Primitive Man formed in 2012, having so far released only a single full-length album, 2013's highly rated “Scorn”, a vicious piece of abrasive sludge-doom metal that set the manifesto for what Primitive Man were all about. After releasing various singles and split E.Ps over the last few years, Primitive Man finally follow this up with their latest effort, “Caustic”.
Primitive Man may only be a three-piece outfit, but make one hell of a lot of noise. Dissonant guitars, ear-piercing feedback, crashing drums, guttural growls – these are Primitive Man's modus operandi when it comes to making music. They don't hold back and they certainly don't write catchy hooks and sing-along choruses - Primitive Man's “songs” are dark, depressive and destructive.
Clearly not satisfied with the abrasive and crushing “Scorn”, Primitive Man have turned things up another notch, producing an album dripping with so much hatred and bile that you couldn't really come up with a more appropriate name for it than “Caustic”. At times this album is akin to pouring sulphuric acid directly onto your ear drums.
Opener “My Will” wastes no time in getting straight down to business, immediately pummelling our ear drums and our souls with its evil-sounding guitars, crashing drumbeats and demonic vocals, with follow-up track “Victim” kicking you while you're down. The titular track “Caustic” is actually just forty-two seconds of noise, but this may be a an effective statement in itself. There is little to tell the rest of the tracks apart, as all seem to form one single whole, a hellish nightmare of sound, remorseless and relentless. “Caustic” is a gradual descent into madness, a pure and primitive expression of hatred and rage, darkness and despair, pure hostility painted on a canvas of horror.
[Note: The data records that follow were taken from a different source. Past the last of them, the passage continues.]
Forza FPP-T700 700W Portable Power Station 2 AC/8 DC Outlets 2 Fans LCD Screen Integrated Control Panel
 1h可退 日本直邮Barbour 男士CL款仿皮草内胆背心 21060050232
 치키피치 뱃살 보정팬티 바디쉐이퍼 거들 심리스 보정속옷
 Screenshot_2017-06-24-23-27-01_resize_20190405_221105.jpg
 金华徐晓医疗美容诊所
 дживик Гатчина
Caustic really is corrosive to the core. If this album came in liquid form it would eat “right through the hull”. Xenomorph blood has nothing on this record. This album may be 'primitive', but it's not unsophisticated – this is a solid sludge metal effort that impresses with its sheer nastiness. If there was a place where happiness and positivity went to die, then “Caustic” would be it.